Then we pushed to production and watched as half of the client's image galleries turned into broken image placeholders.

The files weren't unused—they were being referenced dynamically through a custom field structure that our cleanup script didn't know about. We spent the next six hours frantically restoring files from backups while the client's marketing team wondered why their perfectly good website had suddenly broken.

The Real Cost of Digital Hoarding

Storage costs were just the tip of the iceberg. The bigger problems were more subtle:

Performance degradation: Media library interfaces that worked fine with 100 files became unusable with 10,000. Content teams started complaining that finding the right image took longer than creating the content that used it.

Decision paralysis: When you have 500 product photos in a folder, choosing the right one becomes overwhelming. Content creators would spend more time browsing assets than actually building pages.

Version confusion: Multiple uploads of similar files led to constant questions: "Is this the approved logo?" "Which version of this image should I use?" "Is the high-res version the same as the web version?"

Backup complexity: Our deployment and backup processes slowed down dramatically as they tried to sync massive asset directories across environments.

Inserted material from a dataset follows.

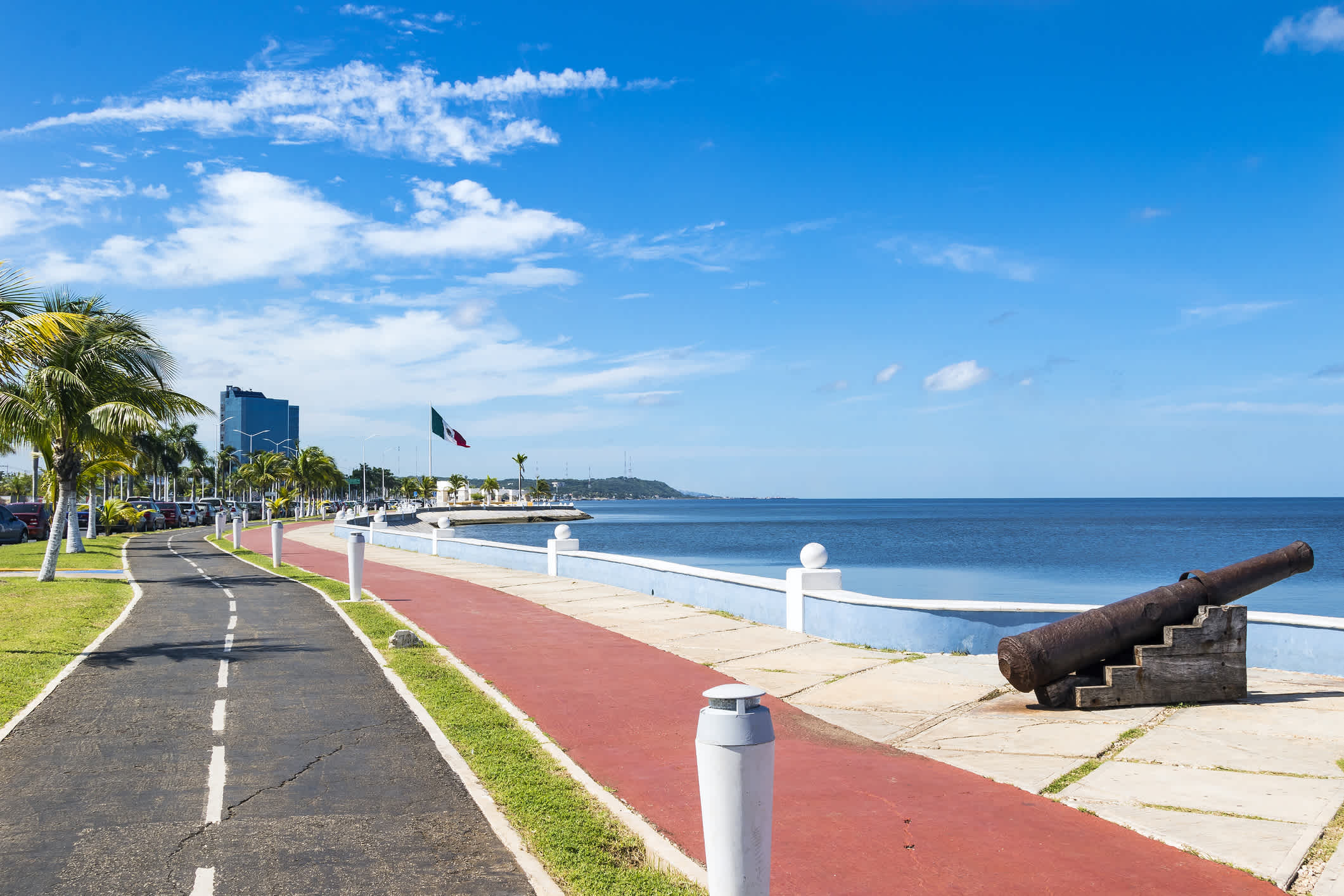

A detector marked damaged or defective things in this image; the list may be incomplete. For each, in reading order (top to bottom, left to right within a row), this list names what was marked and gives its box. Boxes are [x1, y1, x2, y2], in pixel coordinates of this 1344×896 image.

Support overhead: Every "my image isn't displaying" ticket required forensic work to figure out which of the twelve similar filenames was the right one.

The International Energy Agency project made this painfully clear. They'd upload batches of charts and infographics for their energy reports, but by the time they were ready to publish, they couldn't remember which files were the final versions and which were works-in-progress. We spent more time on asset archaeology than actual content management.

What Actually Worked

Instead of building a perfect automated cleanup system, we learned to attack the problem from multiple angles:

Upload governance: Added file naming conventions and folder structures during client onboarding. Not exciting, but way more effective than trying to organize chaos after the fact.

Version control: Built simple tools for marking files as "draft," "approved," or "archived" so teams could manage their own asset lifecycles without accidentally deleting something important.

Usage tracking: Instead of trying to reverse-engineer what was being used, we started tracking when files were actually served to end users. Files that hadn't been requested in 6+ months got flagged for review.

Bulk operations: Added tools for content managers to select and delete multiple files at once, making cleanup feel manageable instead of overwhelming.

Storage policies: Implemented automatic archiving for files older than a certain age, with easy restoration if someone actually needed something from the archives.

Client education: Started having explicit conversations during project kickoffs about asset management strategies, not just technical capabilities.

The Hard Conversation

The most important change wasn't technical—it was cultural. We had to start having honest conversations with clients about their upload habits.

"I know it feels safer to upload everything," I'd tell new content teams, "but every file you upload becomes someone else's problem six months from now. Either they'll spend time managing it, or they'll spend money storing it, or they'll spend frustration trying to find the right version."

Some clients pushed back. "Storage is cheap," they'd say. "Why not just keep everything?"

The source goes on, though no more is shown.